My boyfriend and I have started discussing what our pre-nup will look like, slowly, what our finances will look like in the future, how we will handle this appreciating like wild fire (too soon?) condo that I own right now as my separate property. A hot anniversary dinner topic, I know.

He was flabbergasted when I told him of how many people on the financial internet are so strongly in the one pot finances camp that they belittle people for ever separating their money or having a pre-nup. With the slow pace we are taking to the altar, by the time we get married, we could very well have a solid $2M net worth minimum combined. That’s a pretty huge difference from people who meet in college, with no money, have $50k/year jobs and get married in their mid-to-late-twenties. We are two financially stable, high income adults, a far cry from the people we were in college when we met.

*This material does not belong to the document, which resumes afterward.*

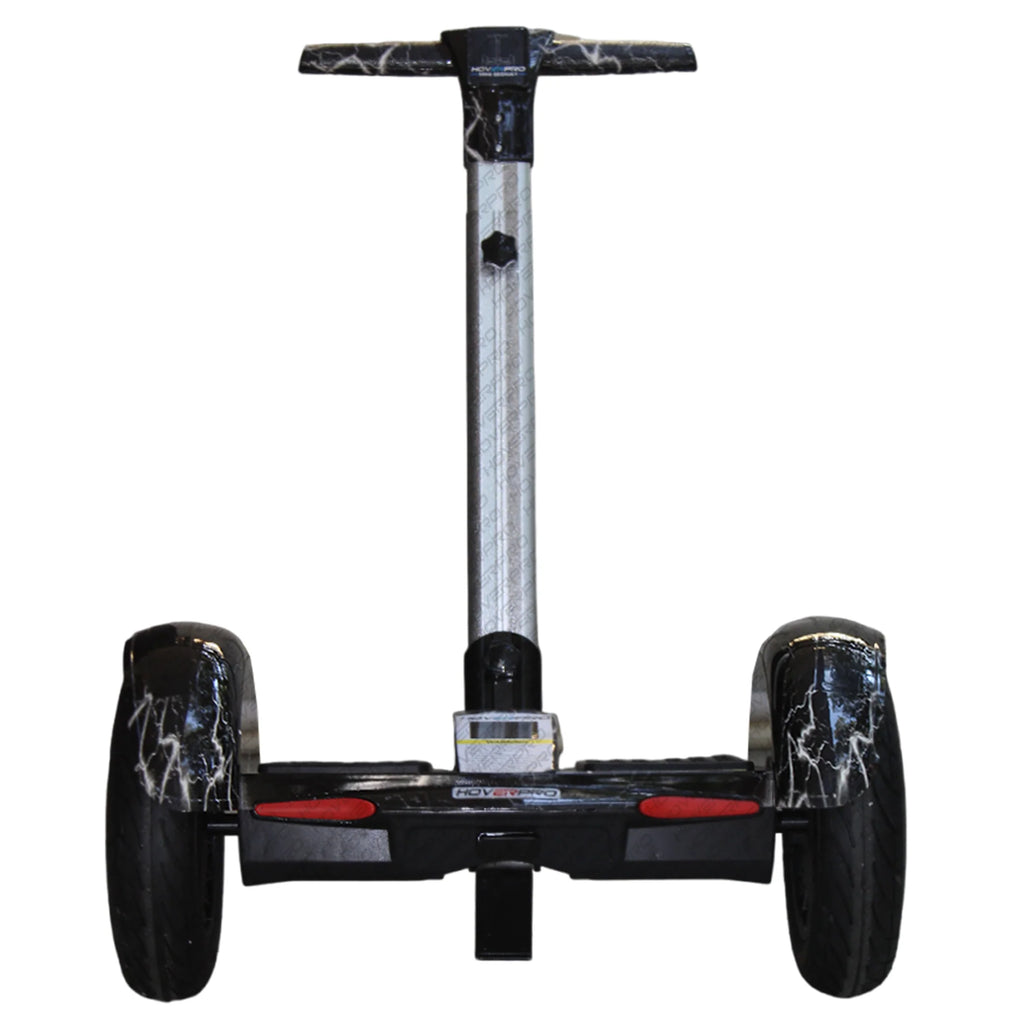 Hoverpro Bluetooth Self-Balancing Scooter with Handle Bar – Black Lightning Design S11+ Miniseg Bolt with Handle Hoverboard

Pre-nups aren’t just for people from old money. They’re for people who think strategically about how they will grow their wealth as a couple, while financially protecting both parties. For example, I picture using a pre-nup to re-title assets so that we could own this condo together without a mortgage or selling off any assets. Or we could use a pre-nup to re-title our separately lopsided, but balanced combined investment portfolios where one of us has 80% of their portfolio in taxable accounts and the other has 80% of their portfolio in tax-advantaged accounts, though both are completely indexed with maxed out 401(k)s, Backdoor Roth IRAs, and happy Vanguard accounts.

Right now, we track some shared spending in a spreadsheet. By we, I mean, I enter the data in the spreadsheet and update him every few months, usually to confirm that our system is working as expected and we’re splitting expenses just fine with our lackadaisical he pays for some items, I pay for others, and we split some 50/50 approach.

I tried to suggest to him that we make a game in 2015 of which one of us could save more money. When he remembers, he kicks himself for not agreeing to this game because it turned out that I took two months off unpaid and he had a record income year, so he totally would have won.

No, we’re not engaged. But we envision a future together, building wealth together. A mortgage-free life with index funds and maxed out 401(k)s. Financial security is sexy and don’t let anyone tell you otherwise.